If this is the case for you, then you are not alone, so many parents go through this, often hiding the dummy when they have visitors, not using it in pubic and not telling anyone about it as they are ashamed their child still has it!
So what is the problem with them having a dummy (or a pacifier as they call it stateside)?
Well, apart from the dodgy looks from the public when a child is over 3 years of age, it may also make the child prone to being ‘made fun’ of, especially if they have their dummy in the nursery or school yard.
Aside from this, some health problems can also develop too. Health experts have said that it can delay speech development as the child will talk less when they have their dummy in their mouth. It may also affect the child’s teeth and the child may end up with their front teeth over lapping slightly, as warned by many dentists.

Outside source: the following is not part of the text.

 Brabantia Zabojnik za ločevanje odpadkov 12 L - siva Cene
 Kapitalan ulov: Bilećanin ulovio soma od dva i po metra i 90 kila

One thing I notice is that children often express their feelings less when they have a dummy in for long periods and this may mean they bottle things up or simply don’t learn how to express themselves clearly. For example, have you noticed that a child may get excited whilst out walking when they see a dog, they go to shout doggy and as they feel the dummy slipping from their mouth they quickly suck it back in and so they end up not saying anything or expressing their excitement and emotions!

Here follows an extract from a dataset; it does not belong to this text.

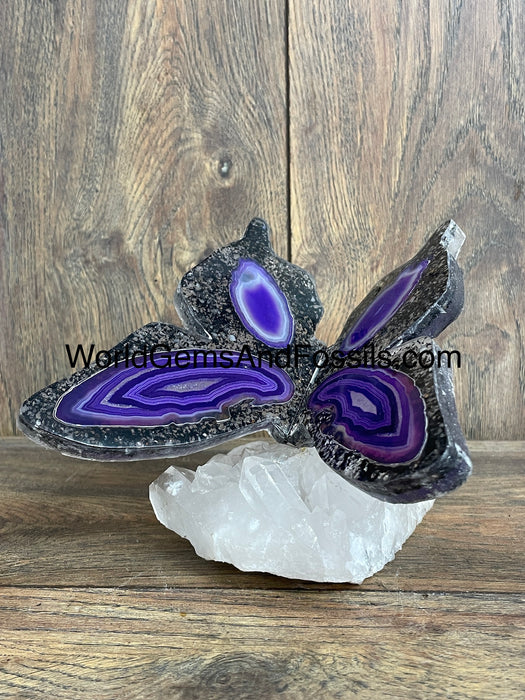 Purple Agate Butterfly On Quartz Base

So here are my top 3 tips to help getting rid of that dummy easier.
1. Don’t give them the dummy or pacifier. Make them get it.
A lot of children are so used to just being handed a dummy that they just expect it and it can become a habit for the parent and child to have it at the slightest sign of upset or distress. So try putting the dummy in a different room and if your child drops it, leave it where they dropped it. You may just find that if they have to use the extra effort to go and get it themselves they may well just not bother, especially if they are being stimulated by other activities such as drawing and painting. They will learn gradually that they don’t need it and enjoy doing whatever is going on around them more than sucking on their dummy. Gradually move it further and further away until you can safely put it in the bin.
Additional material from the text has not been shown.